Reproduce word for word, from the entries below, the line with "Damen Stiefeletten mit", the line with "Courrèges vtg MOD", and every line between them, and nothing more.
Information shown: Begin
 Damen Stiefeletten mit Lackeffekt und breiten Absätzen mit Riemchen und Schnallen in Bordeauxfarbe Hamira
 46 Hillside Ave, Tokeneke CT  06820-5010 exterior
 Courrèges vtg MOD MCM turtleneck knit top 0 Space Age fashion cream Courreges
Information shown: End
Information shown: Begin
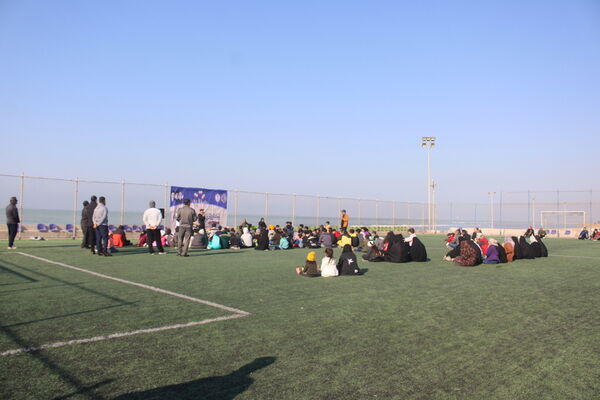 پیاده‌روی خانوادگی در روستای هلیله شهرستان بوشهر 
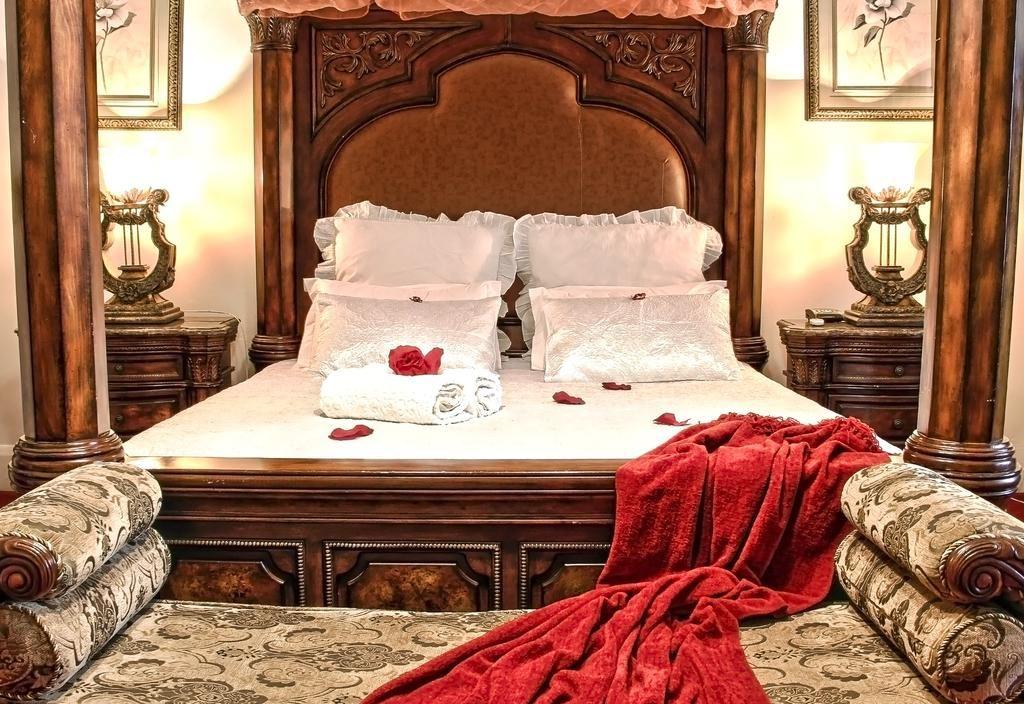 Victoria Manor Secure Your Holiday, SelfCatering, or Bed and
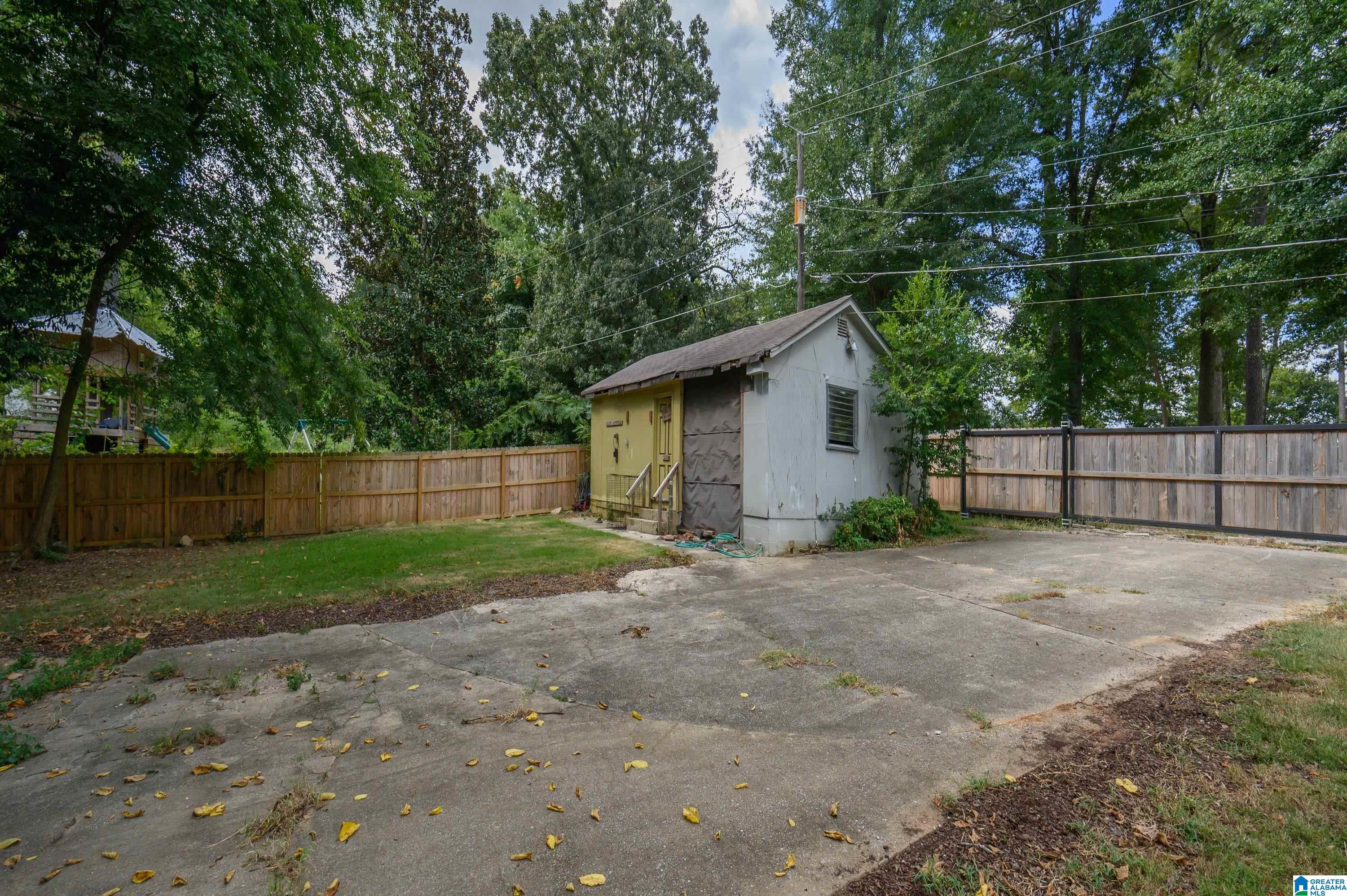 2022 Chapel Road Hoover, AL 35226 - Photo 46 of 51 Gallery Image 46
Information shown: End
Information shown: Begin
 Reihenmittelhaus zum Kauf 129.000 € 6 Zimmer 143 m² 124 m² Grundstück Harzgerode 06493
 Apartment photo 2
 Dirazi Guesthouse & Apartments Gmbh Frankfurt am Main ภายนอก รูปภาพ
Information shown: End
:: Task answer ::
 Damen Stiefeletten mit Lackeffekt und breiten Absätzen mit Riemchen und Schnallen in Bordeauxfarbe Hamira
 46 Hillside Ave, Tokeneke CT  06820-5010 exterior
 Courrèges vtg MOD MCM turtleneck knit top 0 Space Age fashion cream Courreges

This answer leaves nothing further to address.